The ENCS3130 Linux Lab project using shell.
In this project, the task is to implement a simple dictionary-based compression and decompression tool in shell scripting. This compression technique is lossless and relies on finding patterns in data. The tool operates with the following assumptions and specifications:
- Each word in the uncompressed file is assigned a unique 16-bit binary code in the compressed file.
- The code size is fixed at 16 bits, allowing encoding of up to 65,536 unique words.
- The uncompressed file contains Unicode characters, with each character represented as 16 bits.
- The compression/decompression tool utilizes a dictionary stored in a text file named "dictionary.txt".
- The dictionary starts with binary codes ranging from 0x0000, and it is filled over time with new words encountered during compression operations.
- The tool is case-sensitive, and special characters (e.g., spaces, punctuation) are treated as words.
- Compression and decompression operations are triggered based on user input.
- Check if "dictionary.txt" file exists.
- If the file exists, prompt the user to enter the file path and load the dictionary into the appropriate data structure. If not, create a new empty "dictionary.txt".
- Ask the user whether they want to compress or decompress a file.
- If compression is chosen:
- Prompt the user to enter the path of the file to be compressed.

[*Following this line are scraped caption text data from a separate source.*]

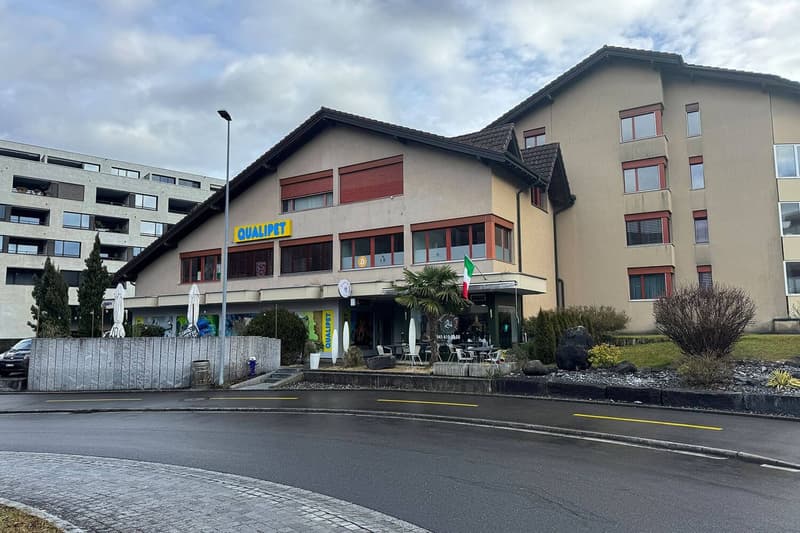 Gastrofläche mit Terrasse in Stans - sichtbare Lage mieten (1)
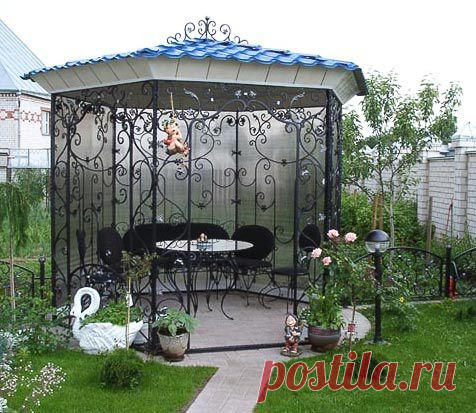 Красивая литая беседка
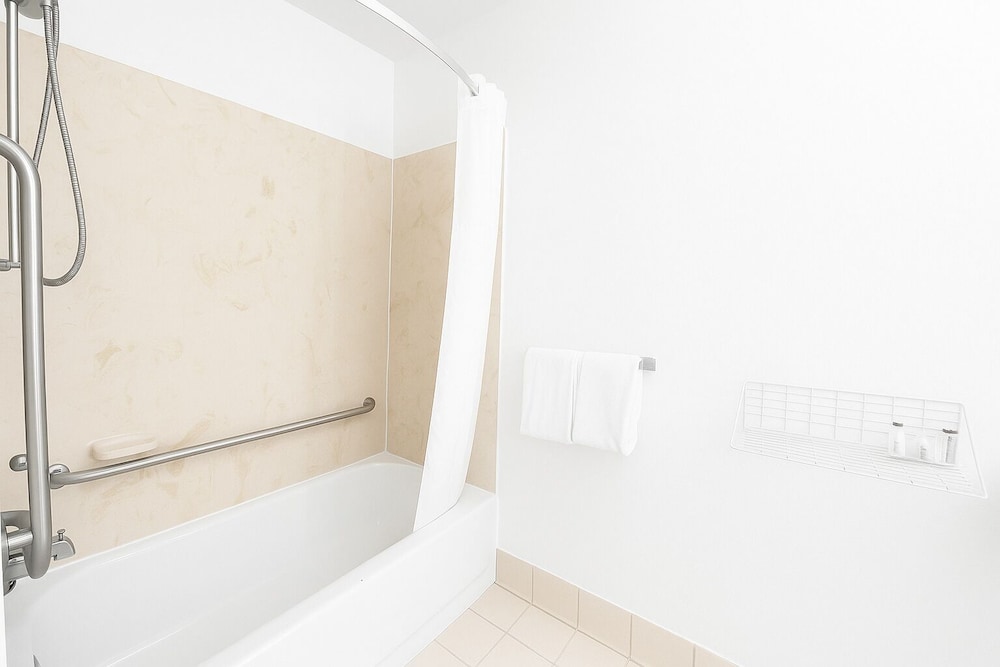 Suite - Photo 9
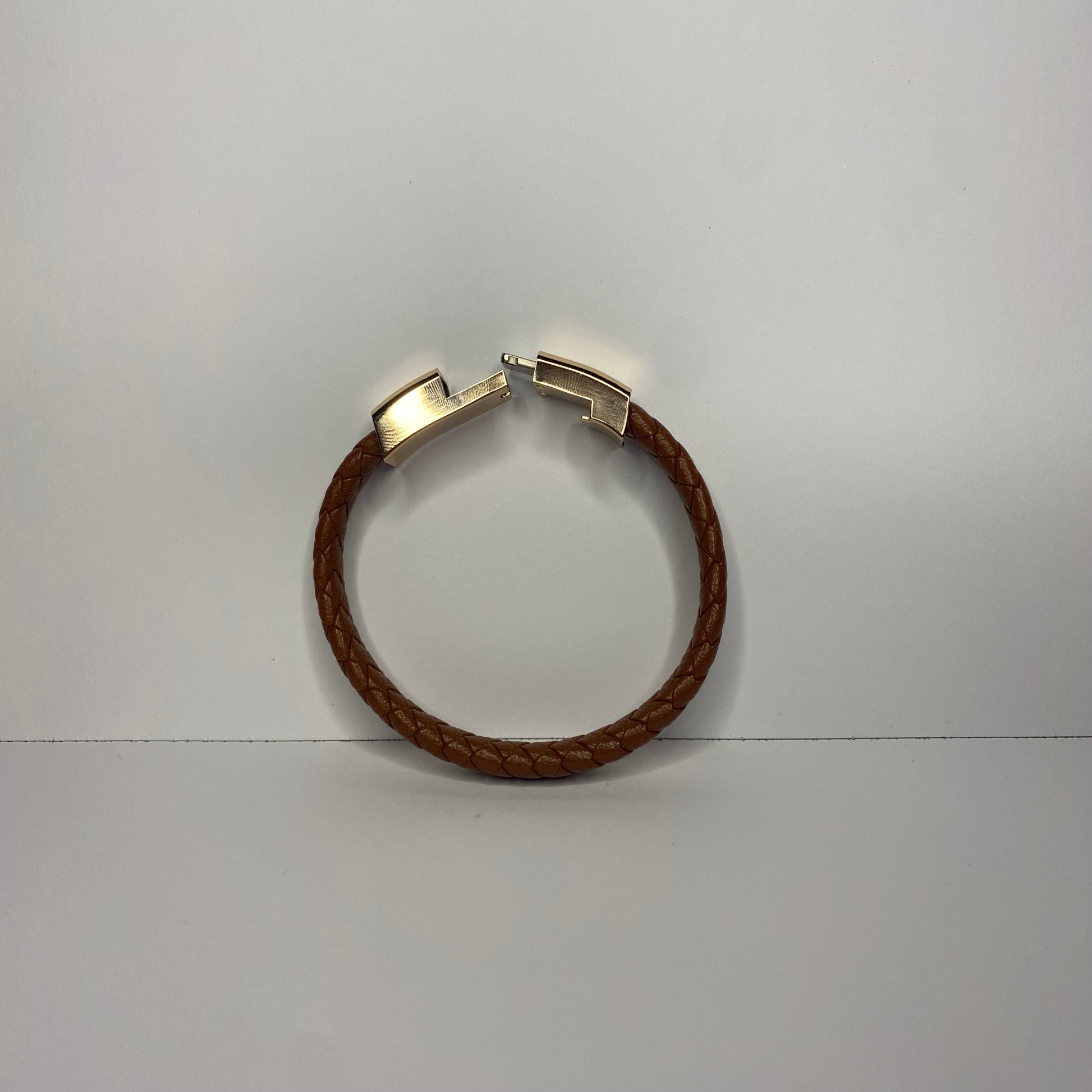 Brown Leather Charger Bracelet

- Read the file and compress it by substituting appropriate codes from the dictionary.
- If a word is encountered that does not exist in the dictionary, append it to the dictionary and use its new code in the compression operation.

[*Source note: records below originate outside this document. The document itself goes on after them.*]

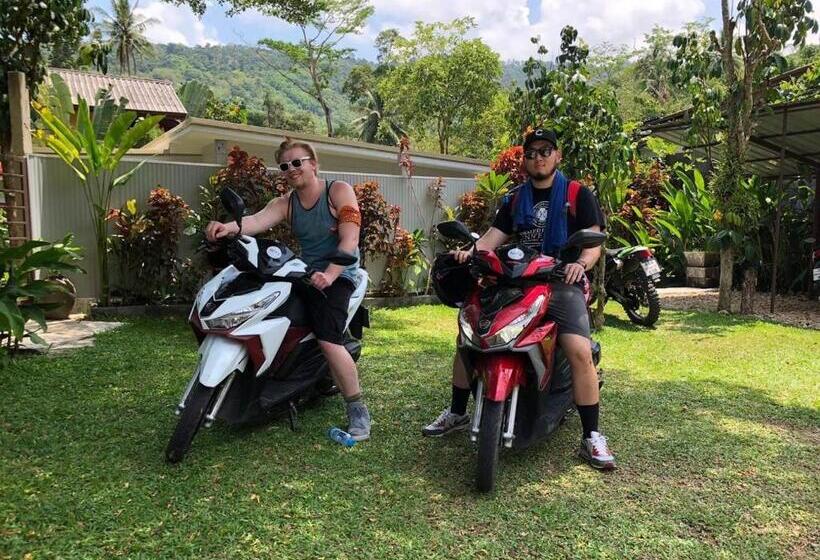 호텔 Baan Hinlad Home And Hostel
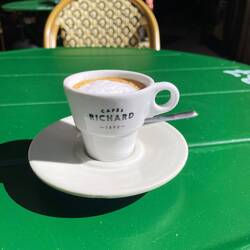 Returned to chez Lizette for coffee and sunshine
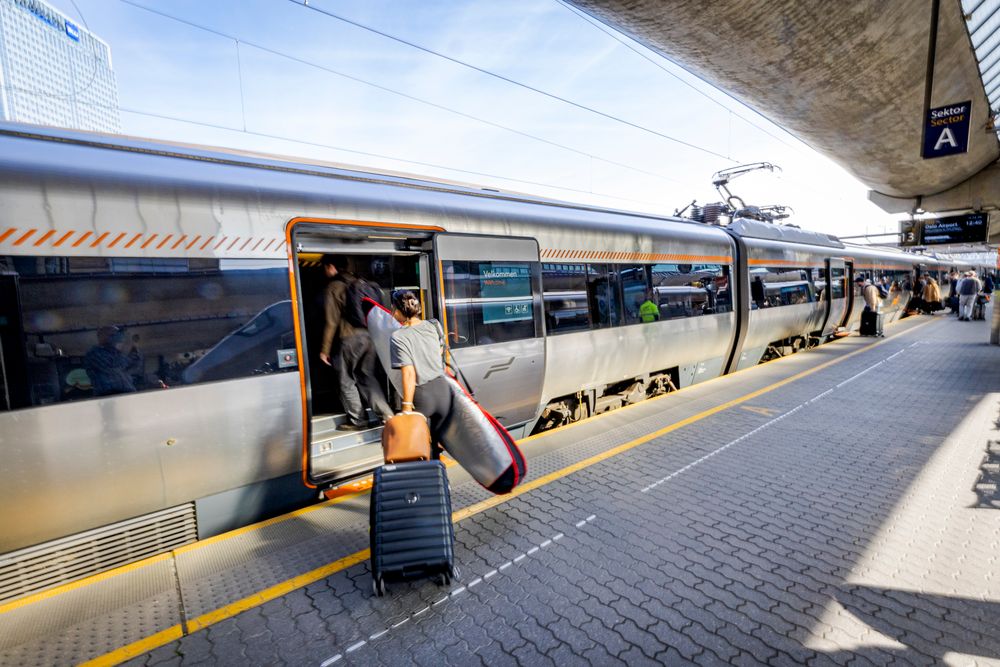 Mens Flytoget har ledig kapasitet, har det vært meldt om overfylte tog og busser etter stengingen av Ring 1 i Oslo.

- Compute the compression ratio and print it on the screen.
- Write the compressed data to a compressed file.
- Save changes to the dictionary.
- If decompression is chosen:
- Prompt the user to enter the path of the file to be decompressed.
- If the file contains codes not found in the dictionary, display an appropriate error message.
- Decompress the file by substituting correct words from the dictionary.
- Write the decompressed data to an uncompressed file.